From 16f19b6e385c8fe42ee66bdb56af8ef42be4f7e9 Mon Sep 17 00:00:00 2001
From: Arthur Gautier <arthur.gautier@arista.com>
Date: Wed, 6 Nov 2024 21:54:45 -0800
Subject: [PATCH] pgp: adds support for signing RPM with an HSM held key

---
 CHANGELOG.md             |  6 ++++-
 src/rpm/signature/pgp.rs | 56 ++++++++++++++++++++++++++--------------
 2 files changed, 41 insertions(+), 21 deletions(-)

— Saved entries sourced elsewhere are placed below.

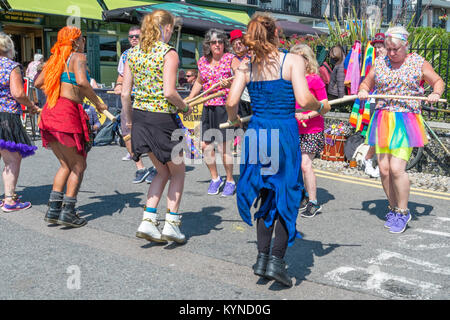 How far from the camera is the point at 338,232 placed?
16.6ft

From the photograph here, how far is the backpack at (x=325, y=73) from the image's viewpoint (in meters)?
9.88

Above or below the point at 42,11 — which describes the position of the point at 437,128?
below

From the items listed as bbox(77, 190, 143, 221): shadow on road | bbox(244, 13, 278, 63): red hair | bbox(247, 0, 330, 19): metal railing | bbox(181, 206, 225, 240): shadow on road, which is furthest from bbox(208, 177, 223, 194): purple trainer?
bbox(247, 0, 330, 19): metal railing

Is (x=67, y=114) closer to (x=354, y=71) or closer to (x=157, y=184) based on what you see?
(x=157, y=184)

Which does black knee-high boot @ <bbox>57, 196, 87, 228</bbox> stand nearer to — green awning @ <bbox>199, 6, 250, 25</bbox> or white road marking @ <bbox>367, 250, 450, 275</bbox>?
white road marking @ <bbox>367, 250, 450, 275</bbox>

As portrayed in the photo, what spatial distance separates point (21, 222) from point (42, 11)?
1258cm

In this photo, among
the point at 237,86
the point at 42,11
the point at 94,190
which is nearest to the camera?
the point at 237,86

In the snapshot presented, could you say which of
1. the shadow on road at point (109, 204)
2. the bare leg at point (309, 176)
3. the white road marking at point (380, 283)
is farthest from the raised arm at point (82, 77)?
the white road marking at point (380, 283)

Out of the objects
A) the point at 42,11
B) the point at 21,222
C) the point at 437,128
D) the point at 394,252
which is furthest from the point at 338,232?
the point at 42,11

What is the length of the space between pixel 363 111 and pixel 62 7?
1186 centimetres

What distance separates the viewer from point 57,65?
4957mm

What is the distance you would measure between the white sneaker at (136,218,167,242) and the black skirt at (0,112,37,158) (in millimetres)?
2129

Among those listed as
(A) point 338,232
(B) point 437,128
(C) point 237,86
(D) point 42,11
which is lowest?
(A) point 338,232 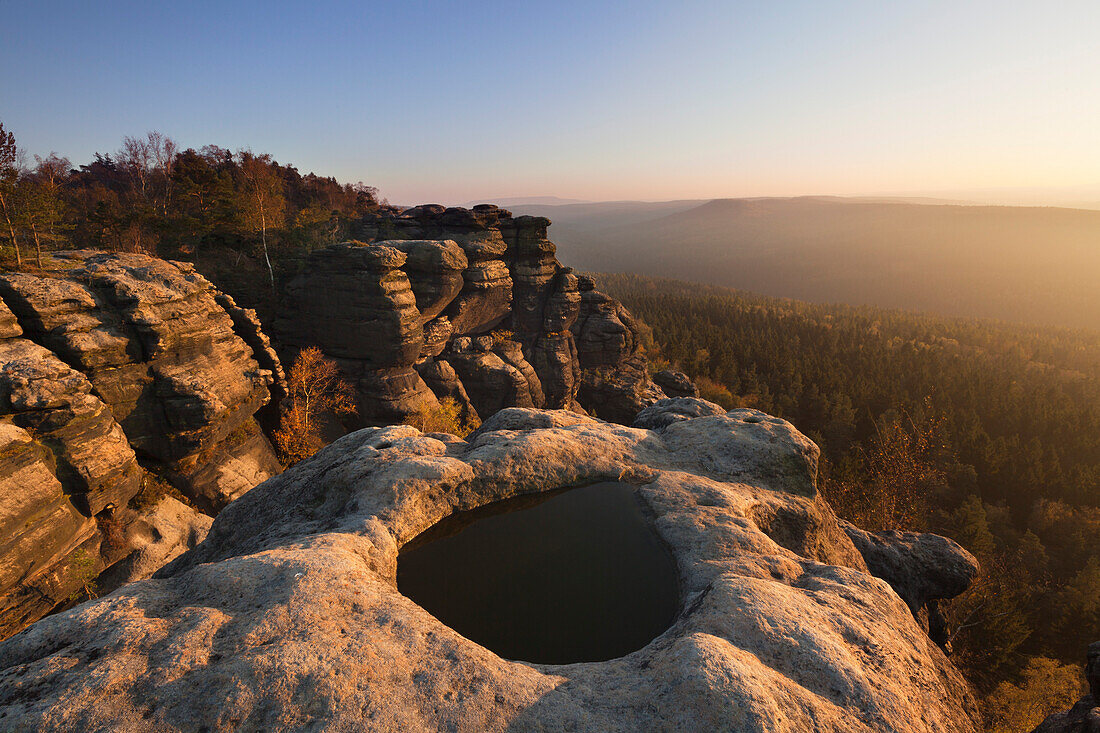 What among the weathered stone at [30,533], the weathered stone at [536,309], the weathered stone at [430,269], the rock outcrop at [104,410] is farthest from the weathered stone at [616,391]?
the weathered stone at [30,533]

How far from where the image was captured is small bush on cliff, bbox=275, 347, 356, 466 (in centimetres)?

diff --git a/CHANGELOG.md b/CHANGELOG.md
index cf03d8c..4392762 100644
--- a/CHANGELOG.md
+++ b/CHANGELOG.md
@@ -7,10 +7,14 @@ and this project adheres to [Semantic Versioning](https://semver.org/spec/v2.0.0
 
 ## Unreleased
 
-### Changed
+### Added
 
 - Added `zstdmt` feature which sets zstd compression to use all available cores.
 - Added feature flags for every compression algorithm to support disabling unused ones.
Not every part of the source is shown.